(Extracted material begins)

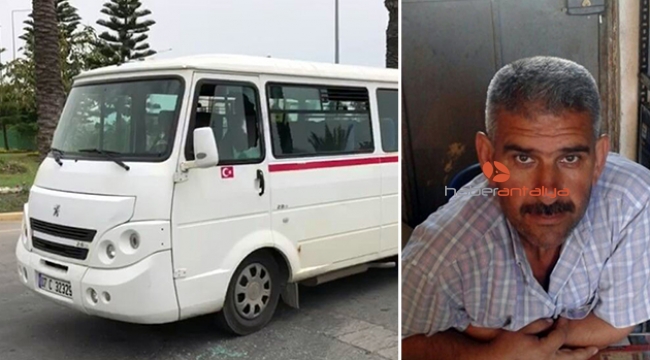Kırmızı ışıkta bekleyen sürücüye pompalı saldırı 
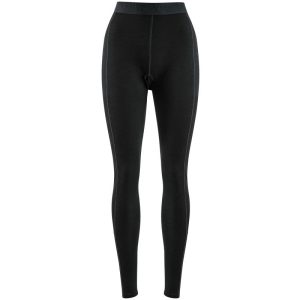 Woolf Merino Fagerset Pant W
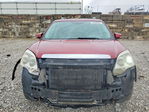 GMC Acadia 2011
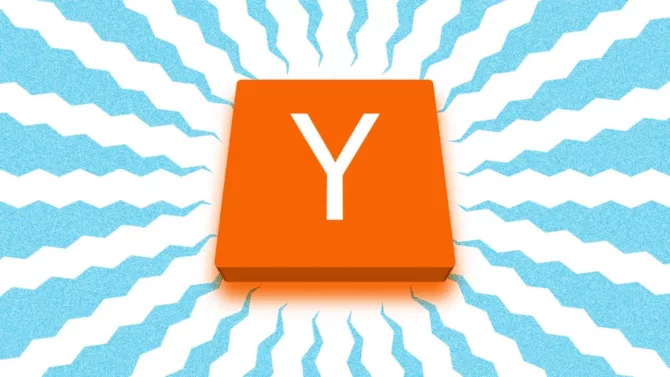 YC Demo Day：风投眼中11家潜力新星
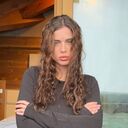 ���������� �������, ���� ������� ����, 35 ���, ������������ ��� ������, ����� � ���������, c�������� ���������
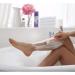Skintimate Skin Therapy Moisturizing Women's Shave Gel - 7 oz (Pack of 1) - Buy Online on GoSupps.com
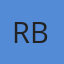 Redha B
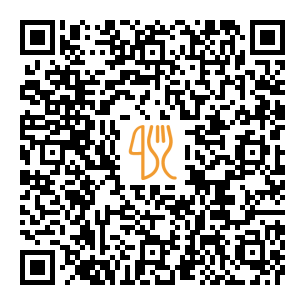 Enlace de código QR al menú de New Addison Chinese Food Delivery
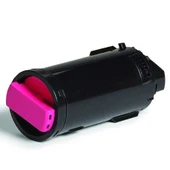 Xerox Versalink C500-106R03885 Kırmızı Muadil Toner Extra Yüksek Kapasiteli thumbnail 2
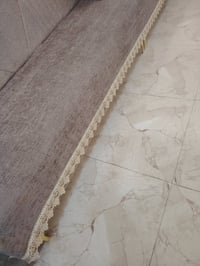 مفرش تخم • ١١م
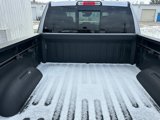 New 2025 RAM 1500 Laramie w/ Night Edition image 6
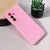 Torbica Sparkle Dust za Samsung A266B Galaxy A26 5G roze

(Extracted material ends)

▶ **Task details**
Restate the listing word for word and drop the pictures.

▶ **Task solution**
Kırmızı ışıkta bekleyen sürücüye pompalı saldırı 
 Woolf Merino Fagerset Pant W
 GMC Acadia 2011
 YC Demo Day：风投眼中11家潜力新星
 ���������� �������, ���� ������� ����, 35 ���, ������������ ��� ������, ����� � ���������, c�������� ���������
Skintimate Skin Therapy Moisturizing Women's Shave Gel - 7 oz (Pack of 1) - Buy Online on GoSupps.com
 Redha B
 Enlace de código QR al menú de New Addison Chinese Food Delivery
 Xerox Versalink C500-106R03885 Kırmızı Muadil Toner Extra Yüksek Kapasiteli thumbnail 2
 مفرش تخم • ١١م
 New 2025 RAM 1500 Laramie w/ Night Edition image 6
 Torbica Sparkle Dust za Samsung A266B Galaxy A26 5G roze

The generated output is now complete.